Using sorting algorithms we compared the time each algorithm took to sort primitive data types and comparable objects up to a million random datum.Sort Algorithm Times At the time I was running this on 233 MHz Pentium II computer using Java 1.4.  I had to guess the sorting time of a million objects as it would never complete on my slow machines.  I decided to rerun the program on a 2.5GHz Core i7 computer.  It handled the million object arrays nicely.Updated Sort Algorithm Times

The big takeaway that I got from this was that just because the algorithm is supposed to run a specific way it really does make a difference how the algorithm is written and what the data type is.  Comparable objects always ran slower than primitive data types.  Most of the sort algorithms have O(n2).  Radix is the one exception.  It doesn’t do comparisons and because of that the algorithm is O(n).  My graphs are on a logarithmic scale so the exponential growth isn’t obvious.  Here is the O(f(n)) for the sorts graphed on the same scale for comparison.BIG-O Times

The analysis of an algorithm’s efficiency really has to do with understanding where the costs are and that is language and machine specific.  Are you sorting based on references to an object or are you actually moving the object around in memory.  Java uses a reference to the object in memory.  As you re-order an array Java only moves the reference which is far less costly than moving the actual object in memory.  Setting that difference aside the first step in calculating big O is to count the move, exchange, and compare operations.

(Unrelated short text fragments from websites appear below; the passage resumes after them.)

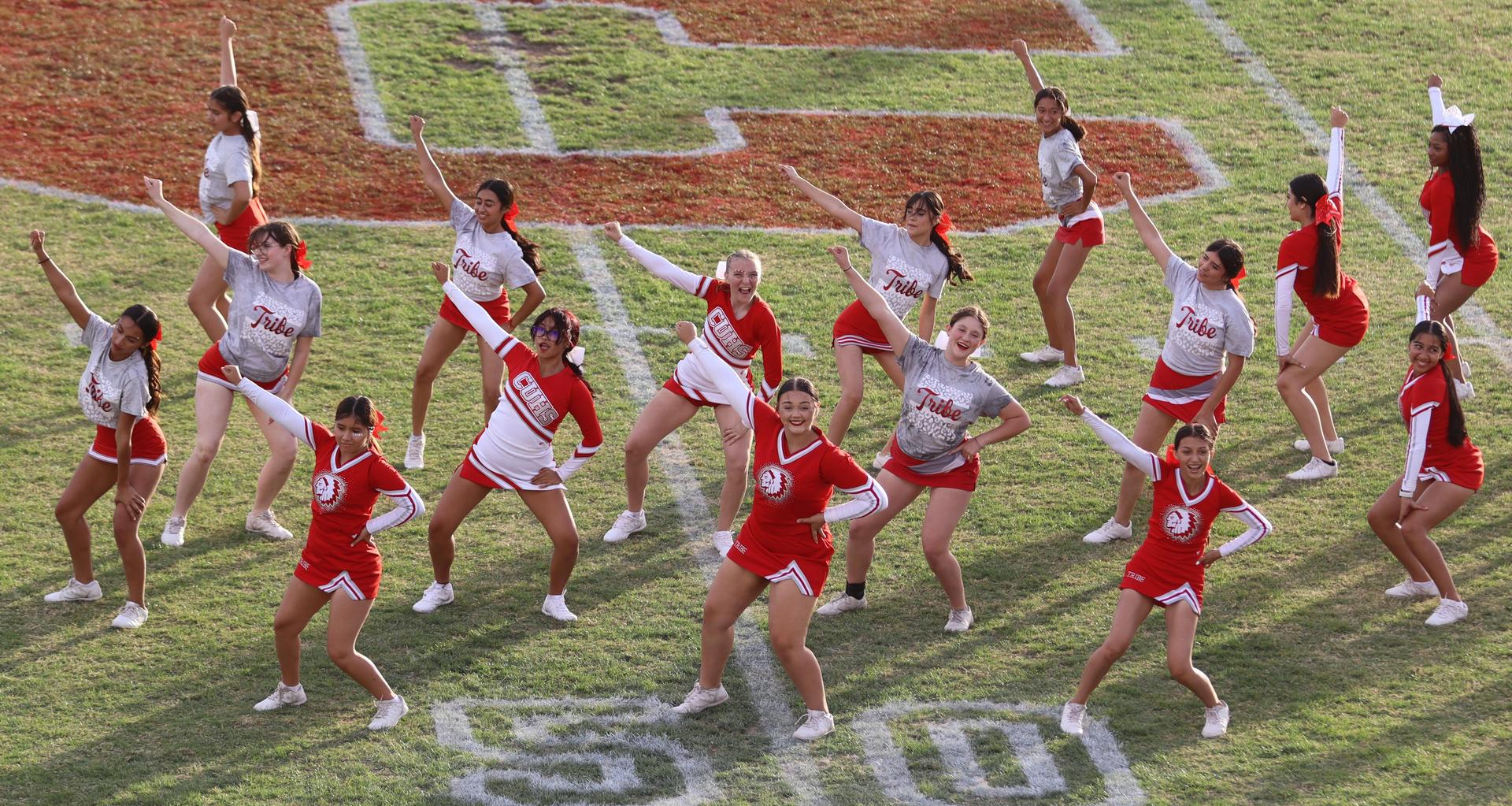 Combined cheer performing at halftime of the football game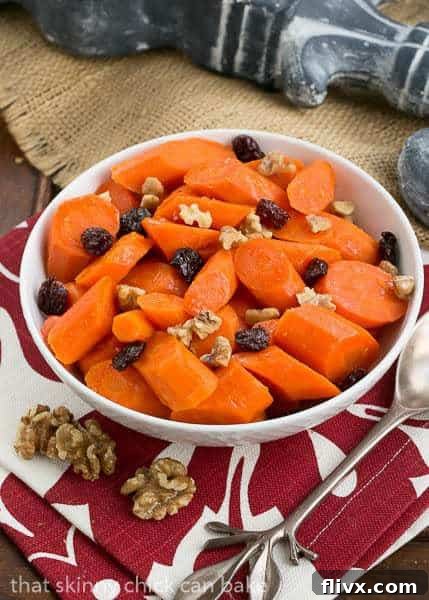 A bowlful of Orange Glazed Carrots on a red and white napkin, beautifully arranged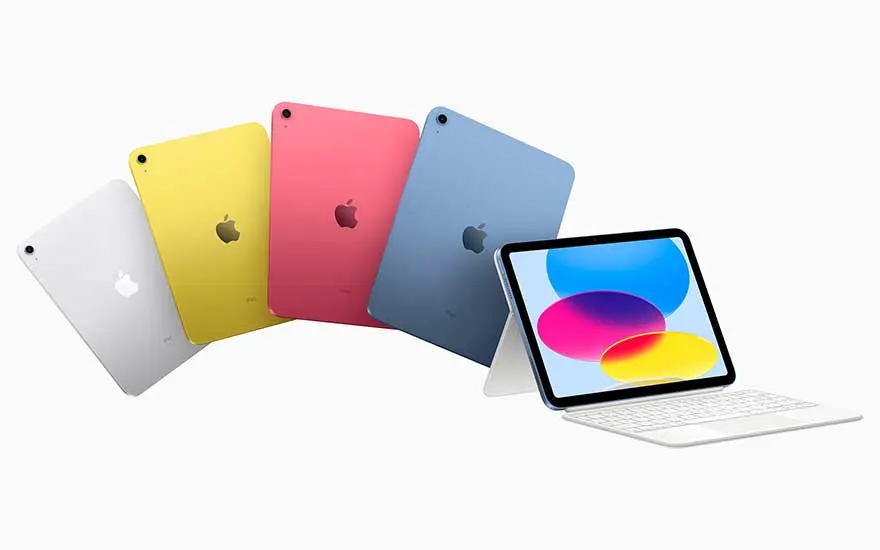 Cinq iPad argenté, jaune, rose et bleu s’éventailent sur fond blanc ; l’un est posé avec clavier et écran très coloré, bien éclairé.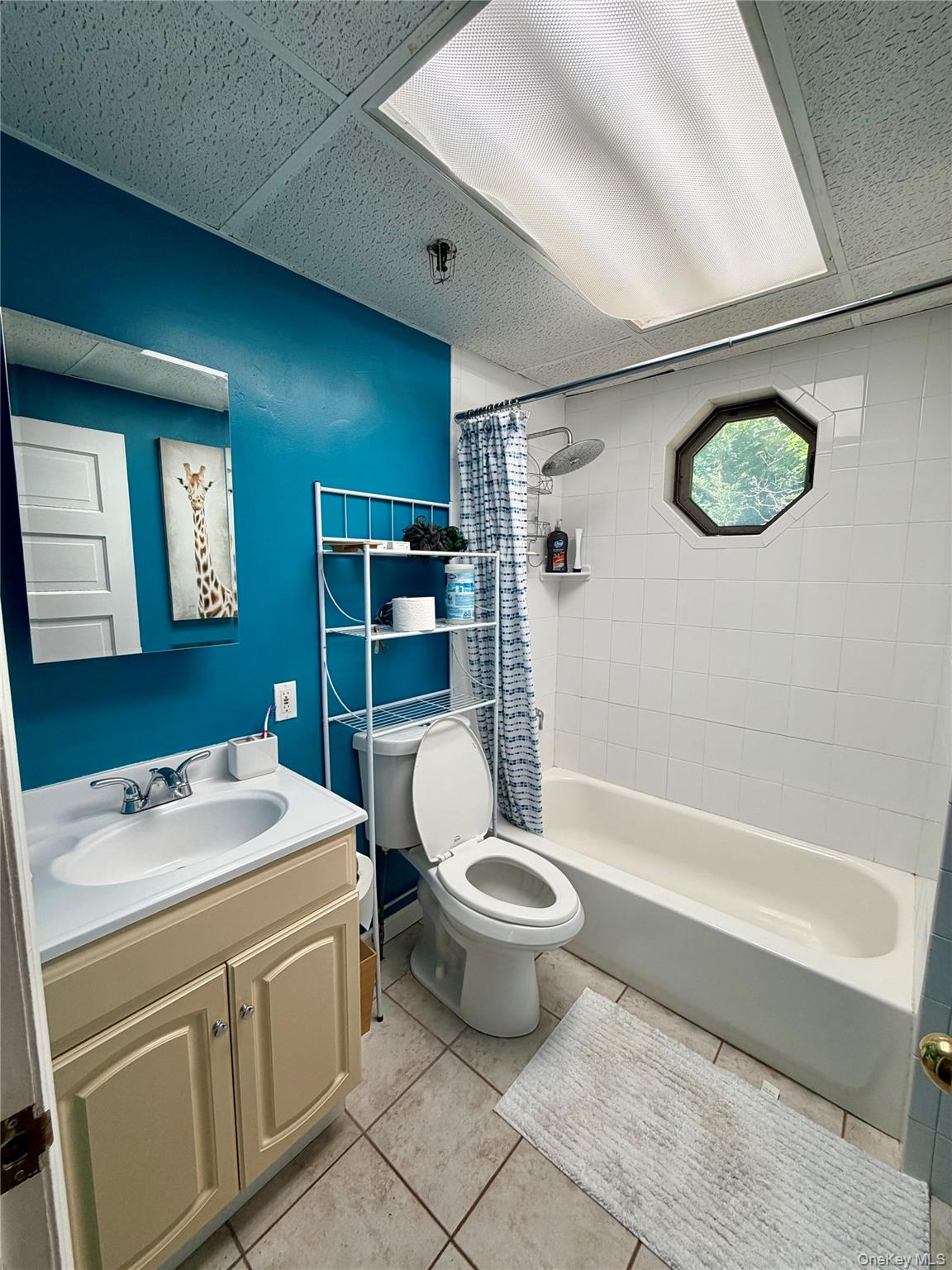 149 Fort Salonga Road Northport, NY 11768 - Photo 7 of 23 Full bathroom featuring a single vanity, standard bathtub with shower, and an octagonal window and skylight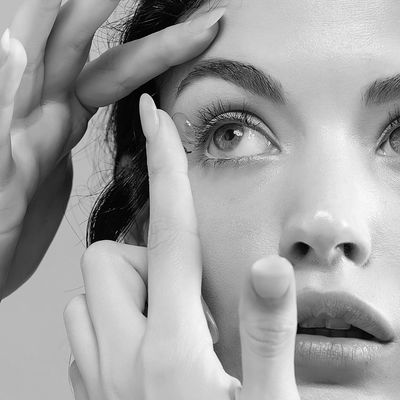 Close-up of a woman placing a contact lens in her eye.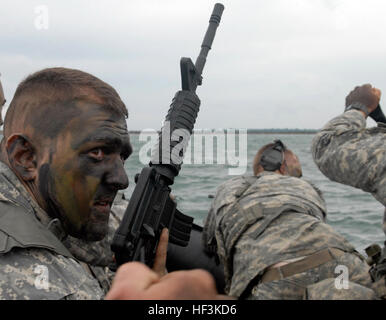New York Army National Guard Pvt. Mike Harris, a Tonawanda, N.Y. resident and infantryman with Troop C, 2nd Squadron, 101st Cavalry Regiment, prepares to enter the water of Lake Erie during a troop training exercise in Buffalo, N.Y., Sept 13, 2015. Harris, fulfilling the role of one of the teams two scout swimmers, was tasked with swimming to shore in advance of the F470 and providing security while the rest of the team. (US Army National Guard Photo by Spc. Alexander Rector) New York National Guard conduct Zodiac training 150913-Z-EL858-101 Stock Photo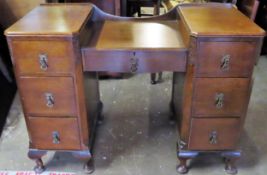 Art Deco oak seven drawer desk. Approx. 79cm H x 107.5cm W x 47cm D Reasonable used condition,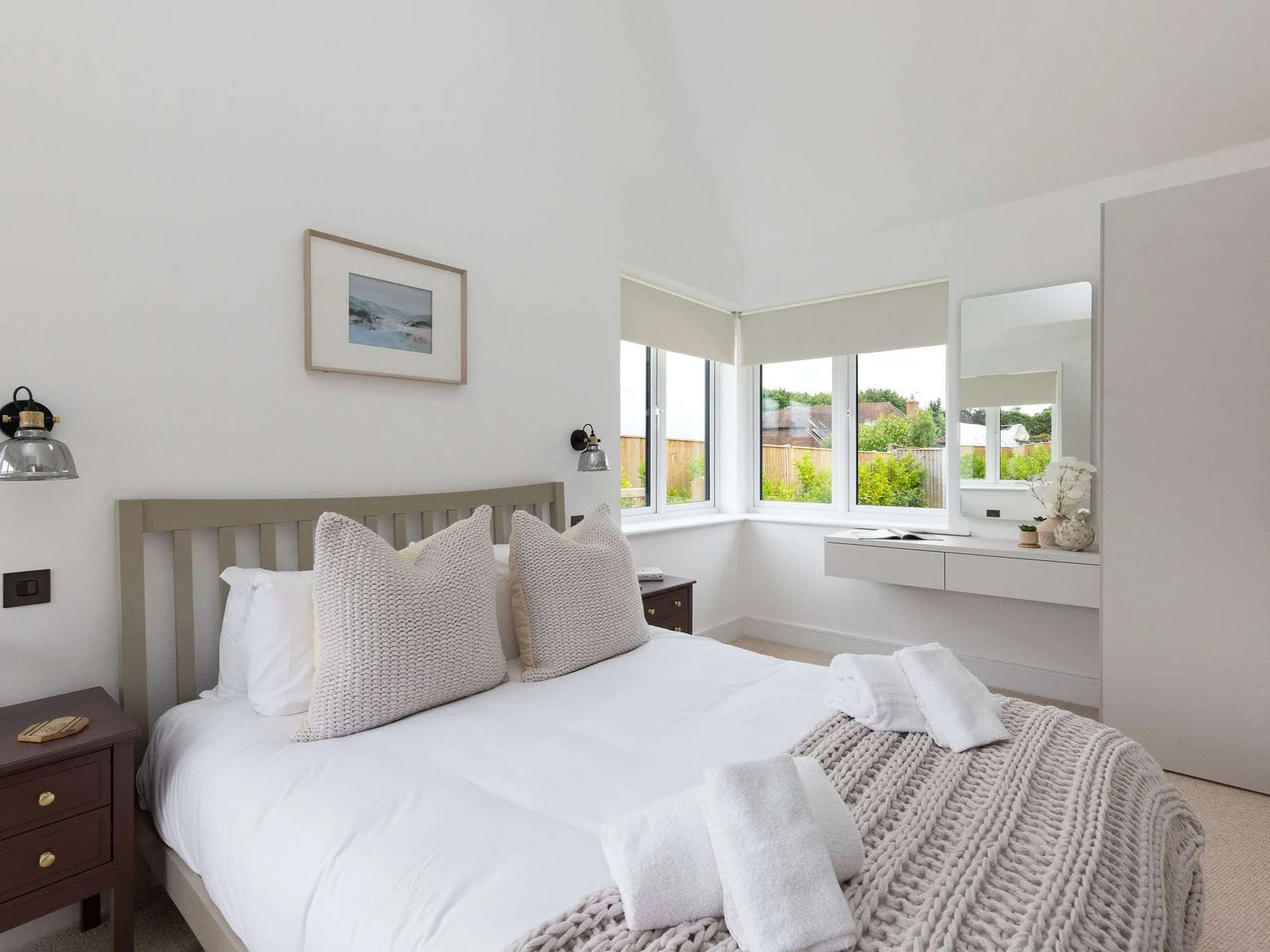 Bright bedroom with bay window and countryside views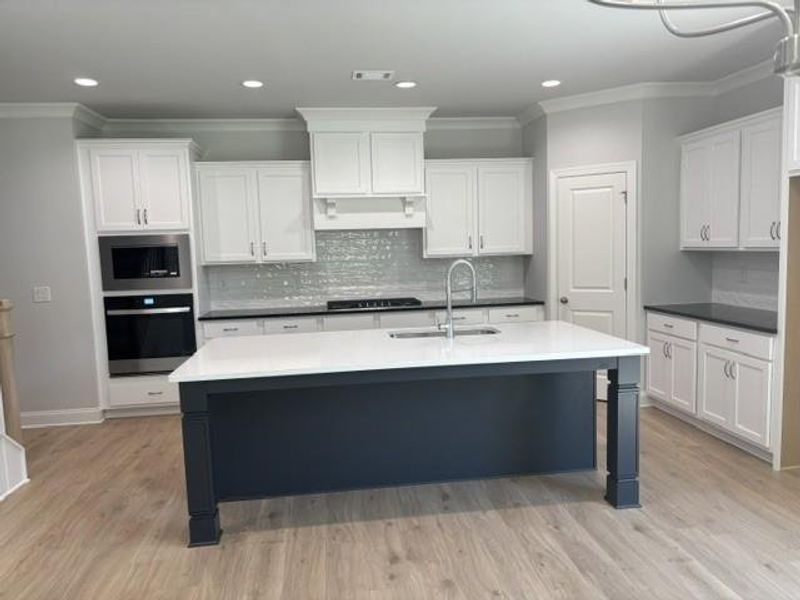 Furnished interior view inside a new home in , Suwanee (Image 6). Furnished interior view inside a new home in , Suwanee (Image 6).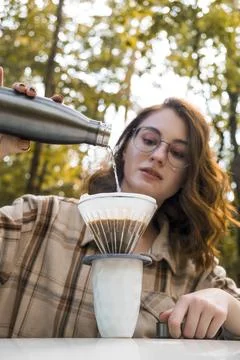 Making filter coffee. Coffee in the car. Autumn forest. Stock Photos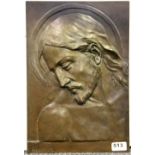 A bronze wall plaque of Jesus signed E. Greiner, 27 x 28cm.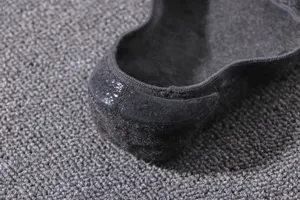 Close-up detail of mens invisible boat sock heel with anti-slip silicone grip in black.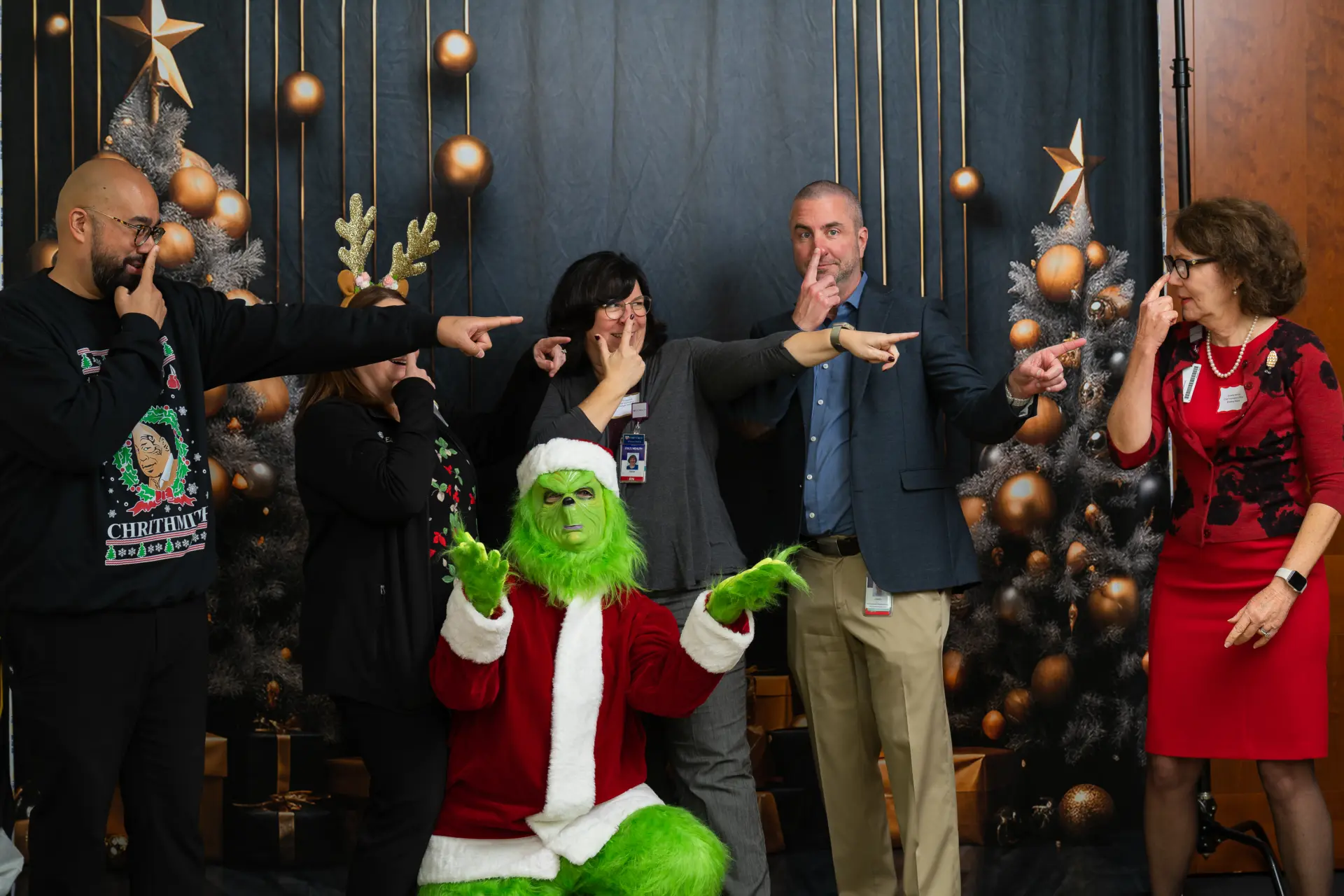 Coworkers celebrating with the Grinch in front of Christmas trees
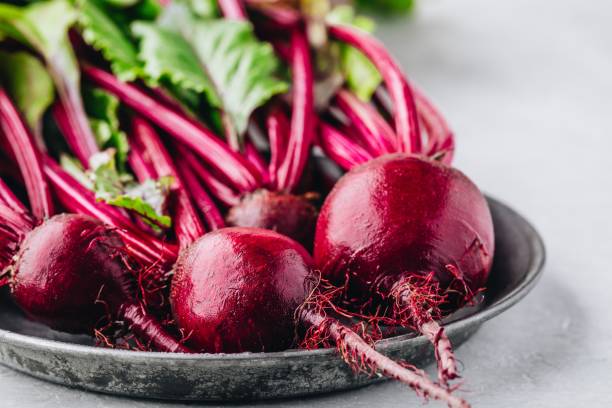 istock Bunch of fresh raw organic beets with leaves 1174819224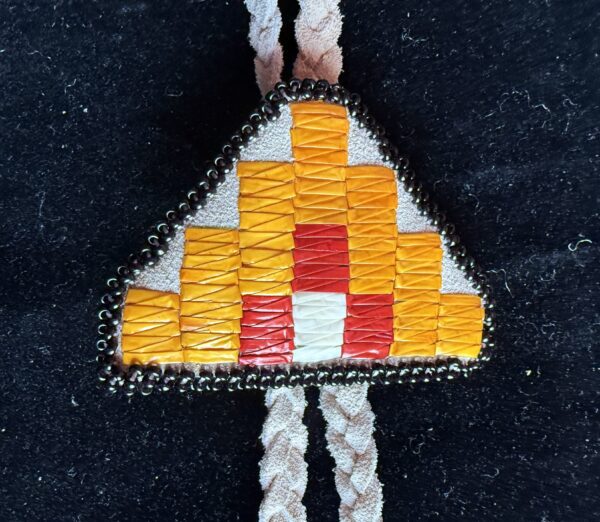 Bolo decorated with porcupine quills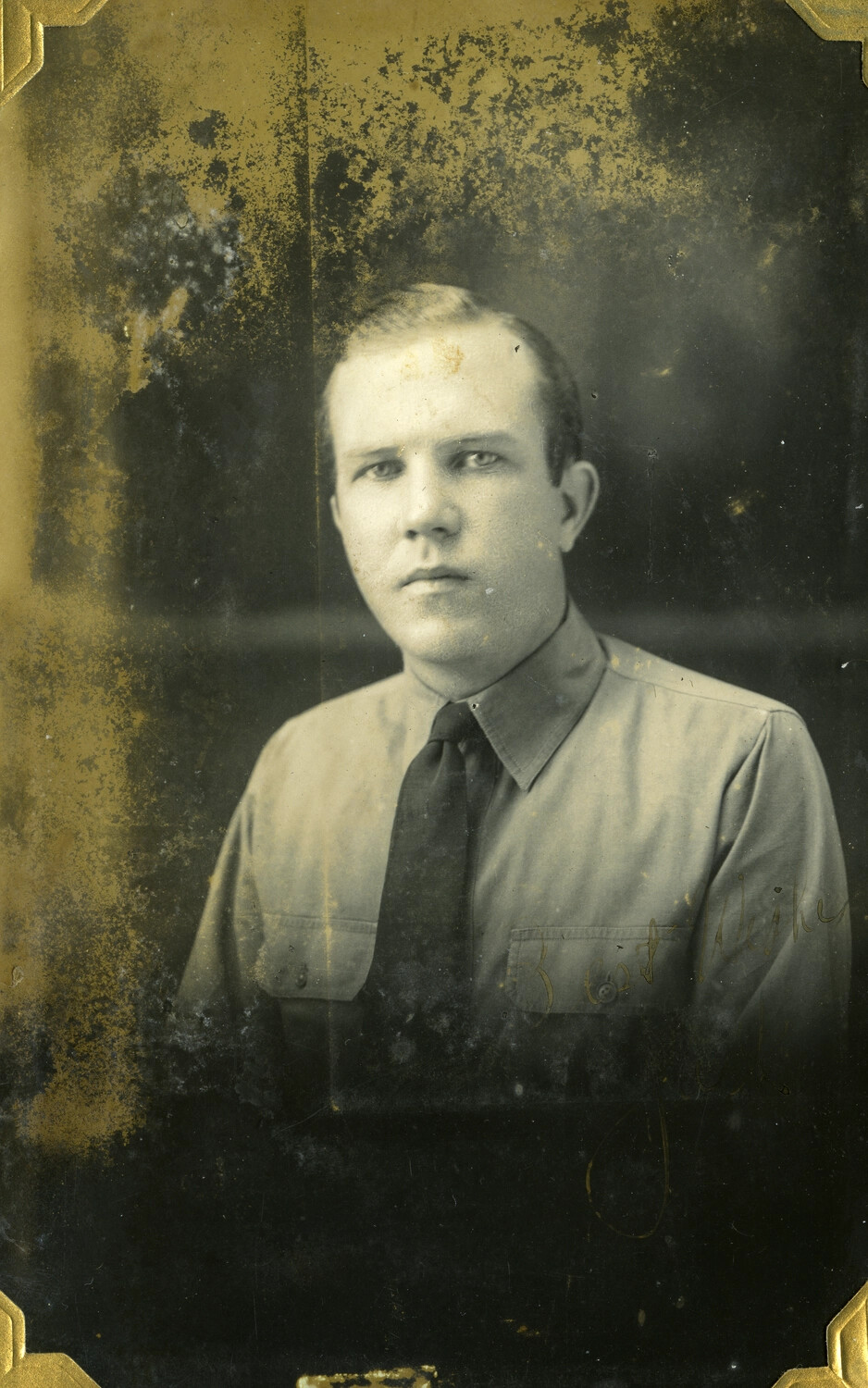 Studio Portrait of a Young Man in Shirt and Tie, Manila Photo Album
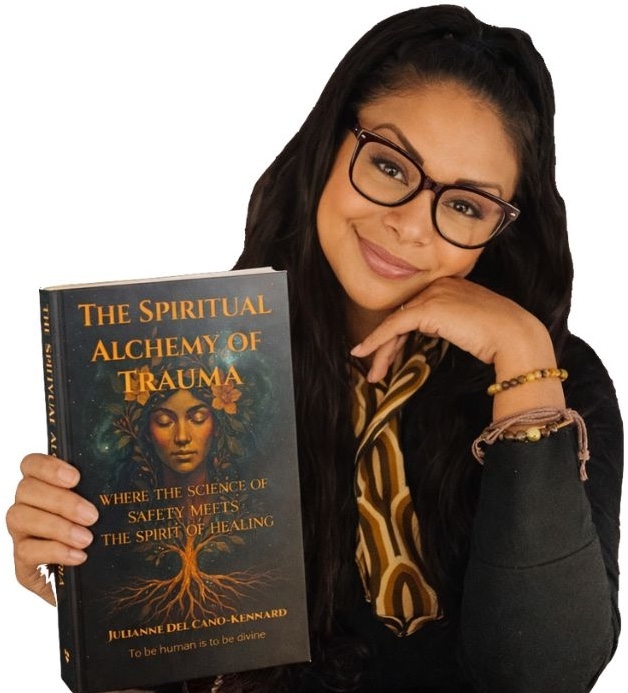 Jules holding The Spiritual Alchemy of Trauma book, representing embodied healing and Wholality-based trauma recovery.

The selection sort will loop through an array of comparables n-1 times.  Each time it loops it makes a comparison.  It looks for the largest item and puts it in the last position of the array then loops again looking for the largest item and places it in the n-1 position.  The loop continues until n = 1 and that item is in its proper position.

Mathematically this is expressed as (n-1) + (n-2) + … + 1 = n * (n-1) / 2 comparisons.

At the end of the loop an exchange occurs that requires three assignments.  The last element in the array is moved to a temporary spot (move 1) .  The largest item is moved to the last (move 2).  The temporary item is moved to where the largest was (move 3).

3 * (n-1) data moves

Putting these together the selection sort takes n * (n-1)/2 + 3 * (n-1) = n2/2 + 5 * n/2 – 3 operations.

The properties of growth rate functions tell us the low order terms can be ignored leaving n2/2.  The multiplier (1/2) also has no real impact as n reaches really large numbers.  Half of infinity is still infinity so remove the multiplier.  That leaves the order of magnitude for the selection sort at O(n2).

The sorts program was Assignment 7.

I repeated this over and over and over.  Big O was one of Dr. Hasz’s favorite things to do to us.  We evaluated every algorithm that we looked at during the class.  When I look back we actually covered an amazing amount of concepts in this short class.  We looked at linked lists, stacks, queues, trees, graphs, and a hash table.  All of this was done with Java.  We learned more about data abstraction, class relationships, external methods, recursion, and always came back to algorithm efficiency.